Unions accuse firms of pushing pay gloomLocal | Yupina Ng Nov 28, 2016
CTU chief executive Mung Siu-tat cited University of Hong Kong figures to show the economy in the fourth quarter this year is expected to grow 2.1 percent, compared with 1.9 percent in the third quarter, meaning that the economy is likely to bounce back.
"Consumption and income are related to each other," Mung said yesterday at a press briefing. "If the business sector uses unstable economy as an excuse to suppress pay hikes, the economy will fall into a vicious cycle because a lower pay rise will affect the employees' consumption power. As a result, economic growth will slow down."
CTU general secretary and former legislator Lee Cheuk-yan said its demand of a 5 percent pay rise has taken the inflation rate and the earnings of big businesses into consideration, adding that many big businesses are still earning billions a year.
The CTU said the inflation rate from January to September this year was 3.4 percent but the government figures show it was 2.8 percent.
"Whether the economy is good or bad, employees have the right to share the spoils of success," Lee said.
Silvia But Pui-ying, vice chairwoman of Cathay Pacific Airways Flight Attendants Union, which is under the CTU, revealed yesterday that it started negotiating with the airline last week on a pay rise and extension of th eretirement age to 65.
She described the meeting as "peaceful."
Although the higher retirement age, currently at 55, remains its first priority, the union hopes to have salaries increased by 5 percent, up from last year's 4 percent rise.
She added that cabin crew deserve a pay rise as the carrier will increase flight seats next year, meaning they will been given more work to do. Cathay Pacific will reply to the union on Thursday.

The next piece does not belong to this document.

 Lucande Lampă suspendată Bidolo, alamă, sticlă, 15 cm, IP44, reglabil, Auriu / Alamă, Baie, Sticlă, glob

Union of Hong Kong Dockers secretary Chan Yum-wo said their employer has been increasing their salaries each year since the union went on strike in 2013, but only because workers voiced their demands instead of the employer actively increasing their pay.
Earlier this month, the Hong Kong Institute of Human Resources Management said it expects employees to get a 3.5 percent pay rise next year, although the estimate is the lowest since 2012 because of the economic slowdown in China and weak local and overseas consumer confidence.